Unos y otros han vivido en materia económica
estos doce últimos años en un mundo de ensueño, sin percatarse de los profundos
desequilibrios que se iban acumulando, y suponiendo que se podía crecer
indefinidamente a crédito, o que el empleo creado era estable y no iba a
desaparecer tan pronto como surgiesen las primeras dificultades económicas. La
profunda desregulación laboral llevada a cabo en casi todos los países está
transmitiendo la crisis de una manera casi automática al mercado laboral. No
puede extrañarnos que países como EEUU o España, en los que la desregulación es
mayor, se sitúen también a la cabeza en la destrucción de puestos de trabajo.

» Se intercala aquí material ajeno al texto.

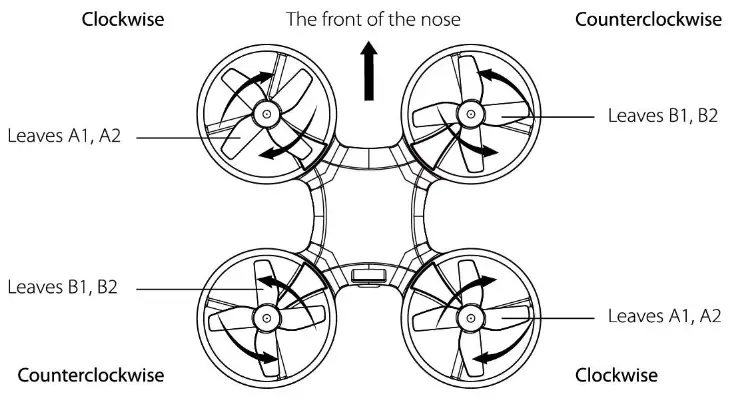 Attop A11 Mini Drone for Kids - IITEETETTEITEI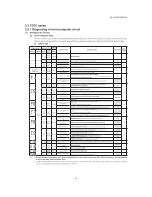 Предварительный просмотр 64 страницы Mitsubishi SCM ZJ-S Service Manual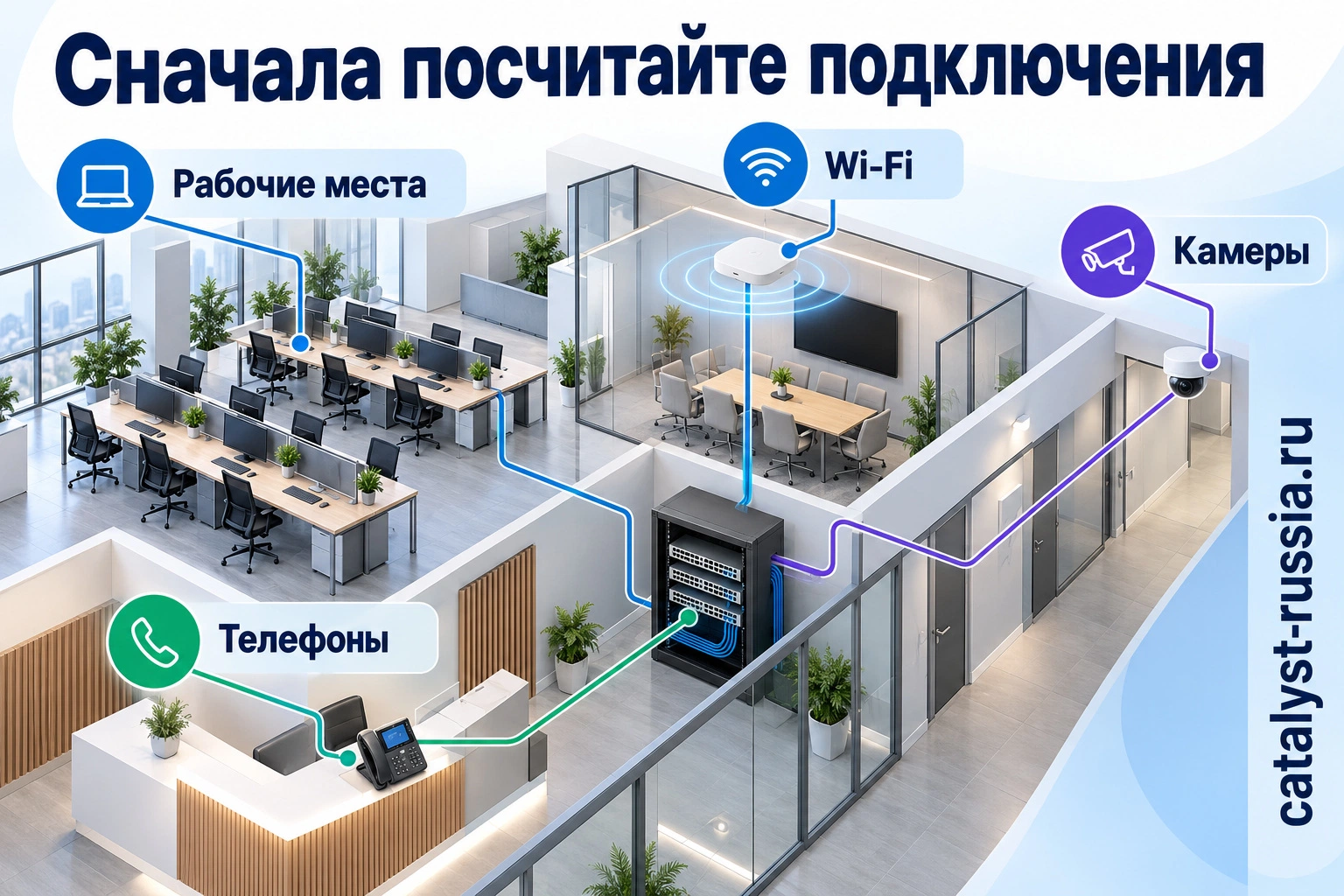 Планирование портов офисной сети для рабочих мест, Wi-Fi, телефонов и камер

Contrataciones precarias y temporales, externalizaciones de los servicios y
facilidades en los expedientes de regulación de empleo allanan la tarea. EEUU
ha perdido, durante 2008, dos millones seiscientos mil puestos de trabajo, el
peor dato después de la Segunda Guerra Mundial. En España, la cifra de parados
ha aumentado en un millón en el mismo periodo.
El efecto más inmediato del desempleo es
social, el drama humano que representa para una gran cantidad de familias,
especialmente cuando la cobertura es deficiente. En nuestro país, la tercera
parte de los parados carece de toda prestación, incluso del subsidio de
quinientos euros mensuales. En realidad, el número es mayor si tenemos en
cuenta que la externalización y el propio desempleo obligan a muchos
trabajadores a registrarse como autónomos, en cuyo caso no perciben prestación
alguna. Por otra parte, muchas empresas de reducida dimensión, jugando con el
anonimato, bien sea por falta de liquidez bien por picaresca, dejan simplemente
de pagar a sus trabajadores sin darles ni siquiera el finiquito, lo que impide
que puedan darse de alta en el INEM y se vean forzados a acudir a los
tribunales, con los consiguientes gastos judiciales y con demoras que la
mayoría no puede soportar.
Pero el paro también tiene un efecto
económico. El paro se autoalimenta, engendra paro y cierre de empresas, deprime
el consumo y la demanda, agravando así la crisis, con lo que se destruyen de
nuevo puestos de trabajo. Se entra en un círculo vicioso de difícil salida.
Solo una actuación expansiva del sector público puede romper el nudo gordiano,
pero siempre que vaya en la buena dirección, que no puede ser otra que la de
incentivar la demanda. Por más beneficios fiscales o ayudas que se concedan a
las empresas, únicamente producirán y contratarán trabajadores si están seguras
de poder vender sus productos o servicios. Y, a la hora de incentivar la
demanda, pocas medidas pueden ser más eficaces que la de incrementar la
cobertura y la prestación del desempleo.